Hey there! We’ve made it through another week, and you know what? This weekend is one of my favorite times here in Austin: it’s the Austin Film Festival and Writer’s Conference! I am volunteering this weekend, and it’s just a great time to see some of the best writers and creators come together and make cool things happen. I’m in need of inspiration, so this is coming at the right (write) time!
It’s also supposed to be a little chilly – FINALLY – this weekend (like, in the low 50s), even though it will warm back up next week. I’ll take what I can get; I am so tired of having my air conditioning running.
But, I’ve got a really fantastic, important book to discuss this week: “What Made Maddy Run: The Secret Struggles and Tragic Death of an All-American Teen” by Kate Fagan. Here is the official description from Amazon:
From noted ESPN commentator and journalist Kate Fagan, the heartbreaking and vital story of college athlete Madison Holleran, whose death by suicide rocked the University of Pennsylvania campus and whose life reveals with haunting detail and uncommon understanding the struggle of young people suffering from mental illness today.
If you scrolled through the Instagram feed of 19-year-old Maddy Holleran, you would see a perfect life: a freshman at an Ivy League school, recruited for the track team, who was also beautiful, popular, and fiercely intelligent. This was a girl who succeeded at everything she tried, and who was only getting started.
But when Maddy began her long-awaited college career, her parents noticed something changed. Previously indefatigable Maddy became withdrawn, and her thoughts centered on how she could change her life. In spite of thousands of hours of practice and study, she contemplated transferring from the school that had once been her dream. When Maddy’s dad, Jim, dropped her off for the first day of spring semester, she held him a second longer than usual. That would be the last time Jim would see his daughter.
WHAT MADE MADDY RUN began as a piece that Kate Fagan, a columnist for espnW, wrote about Maddy’s life. What started as a profile of a successful young athlete whose life ended in suicide became so much larger when Fagan started to hear from other college athletes also struggling with mental illness. This is the story of Maddy Holleran’s life, and her struggle with depression, which also reveals the mounting pressures young people, and college athletes in particular, face to be perfect, especially in an age of relentless connectivity and social media saturation.
I added this book to my reading list after seeing Kate Fagan on an episode of “The Daily Show”. The book sounded fascinating, although heartbreaking. I was able to get the book just a few weeks later, and I immediately did something I probably shouldn’t have: I looked up Madison Holleran on Instagram.
And there she was: a seemingly perfect college athlete, a woman I likely would have thought had her life – a beautiful life – all tied together. But obviously that’s not entirely true. And now, her public Instagram profile serves as a bit of a time capsule – even the picture she posted in the last moments of her life is there – neatly filtered and edited.
We’re all guilty of it: we put things into the public that we are only OK with people knowing.
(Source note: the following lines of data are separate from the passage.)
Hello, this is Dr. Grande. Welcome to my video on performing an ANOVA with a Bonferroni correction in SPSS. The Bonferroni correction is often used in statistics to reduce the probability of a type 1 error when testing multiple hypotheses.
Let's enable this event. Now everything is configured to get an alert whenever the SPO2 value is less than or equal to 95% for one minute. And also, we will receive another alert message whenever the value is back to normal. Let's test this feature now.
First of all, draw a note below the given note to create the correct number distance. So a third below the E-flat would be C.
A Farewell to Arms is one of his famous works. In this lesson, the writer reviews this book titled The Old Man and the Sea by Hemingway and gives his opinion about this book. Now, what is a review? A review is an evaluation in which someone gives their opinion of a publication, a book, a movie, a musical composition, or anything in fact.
When I was reading this book, I blamed this on social media. But, once I was finished with the book, I went back and read some of Fagan’s earlier work and she made a great point: humans have been editing their outward “look” for years – even when we’d write letters to each other, we would only mention the things we wanted people to know.
Remember AOL messenger? It’s going away this December, but I know I made myself look different online – even through AOL. I would put away messages alluding that I was out, partying, leaving my computer idle for days, when in reality I was sitting in my dorm room watching “Sex and the City”.
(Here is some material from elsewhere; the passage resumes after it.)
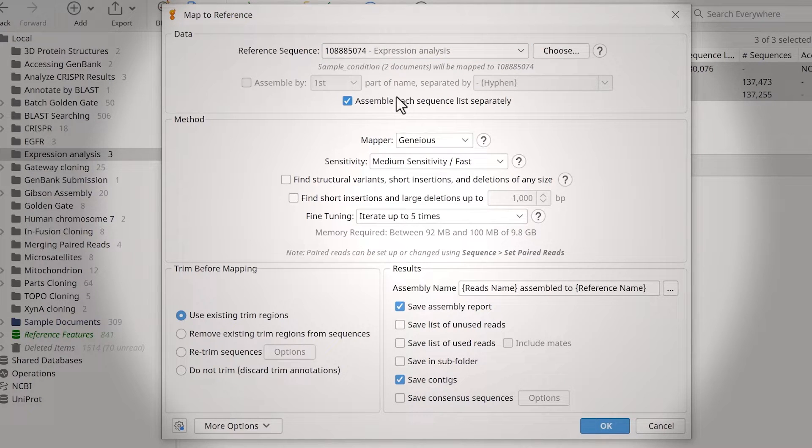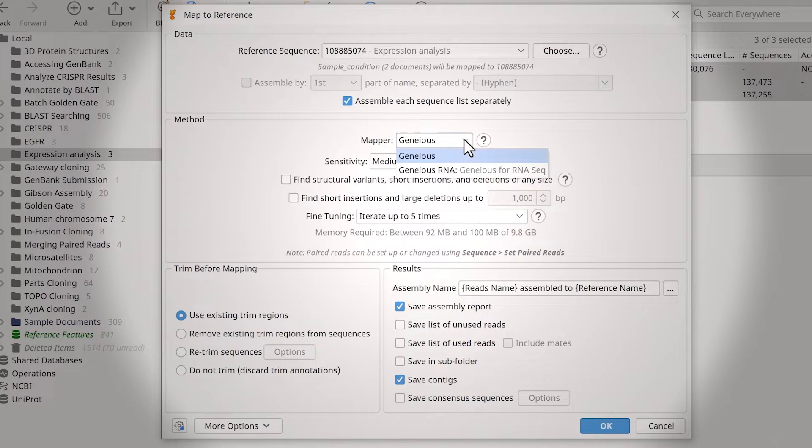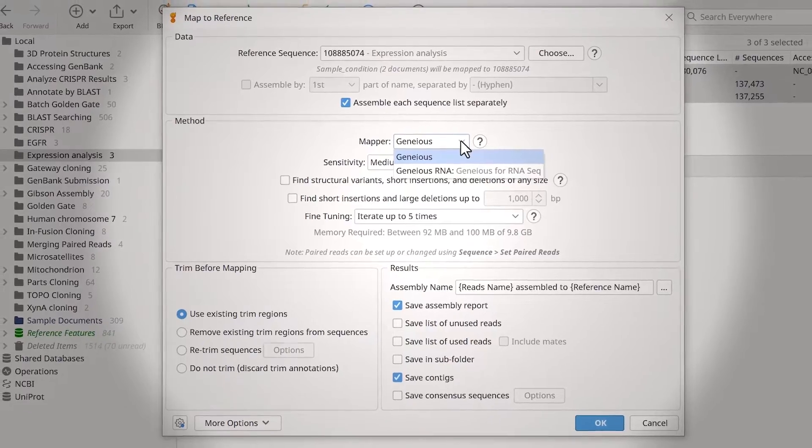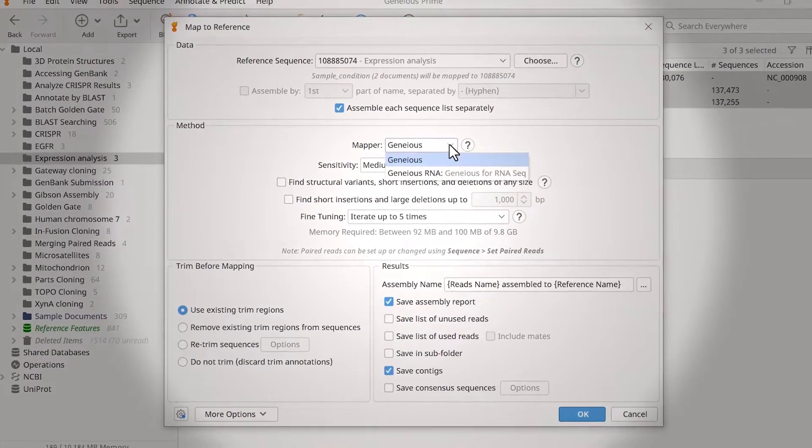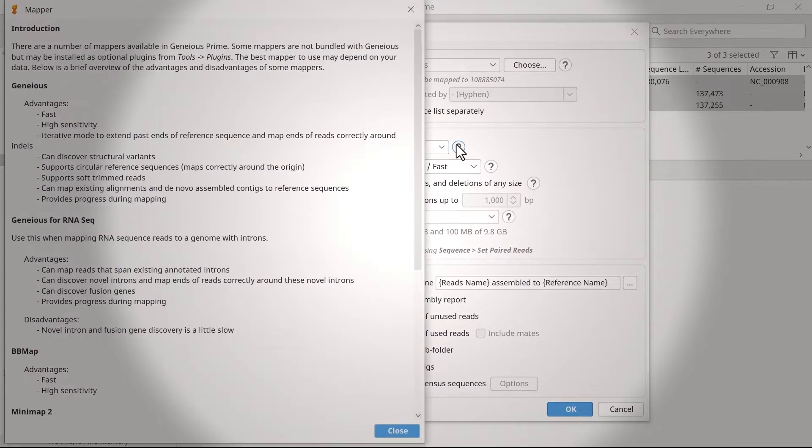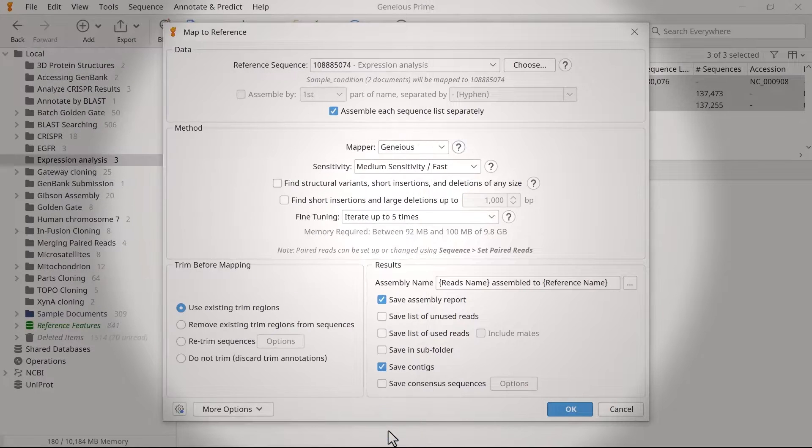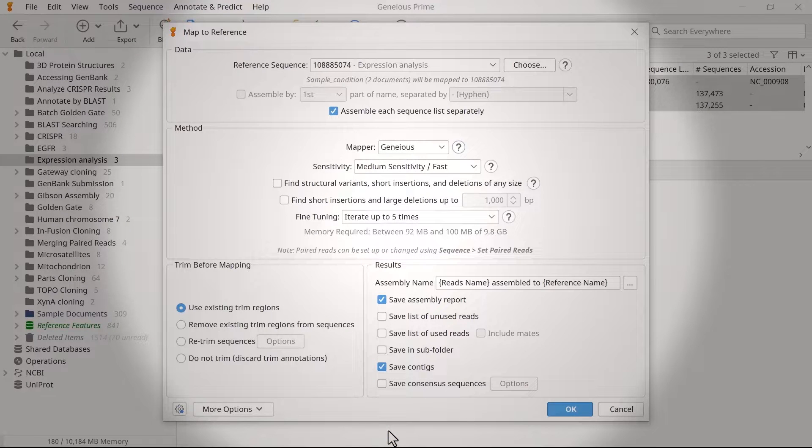In the Method section, specify the mapper used in the analysis. There are numerous mappers available in Genius, each with its pros and cons. Learn more about them by selecting the Help button. For this example, I will leave these settings as default.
Of course, Maddy Holleran was going through much more than a social struggle. She was suffering from a mental illness, and was really feeling the pressures of college, on top of being a sought-after athlete. Here are some of the lines from the book I took note of:
- Many coaches believe these moments are forks in the road, and that choosing to push through the pain – in whatever form that pain comes – is what creates champions.
- …the more polished and put-together someone seems – everything lovely and beautiful and just as it should be – perhaps the more likely something vital is falling apart just offscreen.
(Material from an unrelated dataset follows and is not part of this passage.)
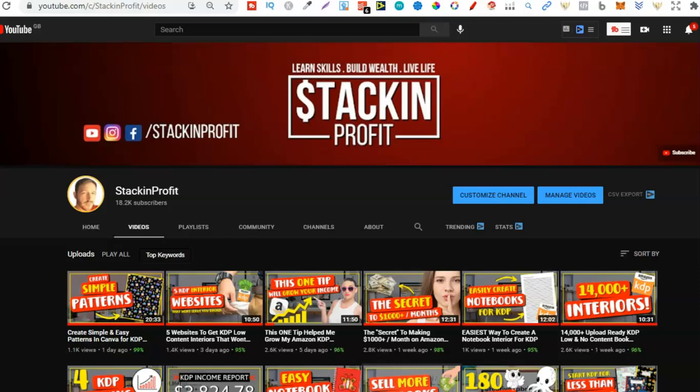What's going on stackers? So in this video I'm going to be sharing with you where you can get 150 plus low and no content books or interiors for only 99 cents each.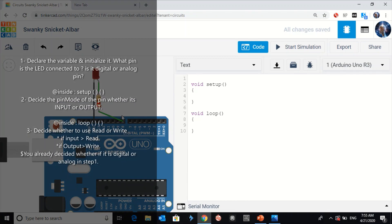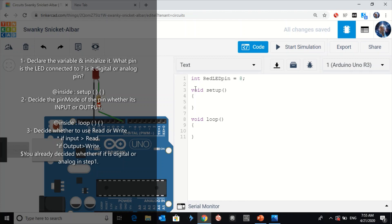Let me clear everything and start from scratch. The LED is actually connected to pin number 8, so I'll declare the variable: int led_red_pin = 8. Then in void setup I'll use the pinMode command.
- Comparing your everyday existence to someone else’s highlight reel is dangerous for both of you.
- Digital life, and social media at its most complex, is an interweaving of public and private personas, a blending and splintering of identities unlike anything other generations have experienced.
- And nothing turns enjoyment into dread faster than obligation.
I’ll be honest, there were times I felt sick while reading this book. Partially because I knew what was coming and I had mixed feelings about reading it, and partially because I found a lot of myself in Maddy – and that’s scary.
I think there’s a lot to learn from Maddy’s story, and that’s probably why her family let the author in so much – so other families wouldn’t have to suffer from a similar tragedy.
Despite the darkness of this book, I absolutely loved it. The way it was told was respectable, true, and easy to read. I am recommending this book to my social media lovers, and my true-story obsessors. This is one you won’t be able to put down.
The next book Blanche’s Book Club will be reading is “The Art of Crash Landing” by Melissa DeCarlo.
I hope you all have a fantastic weekend!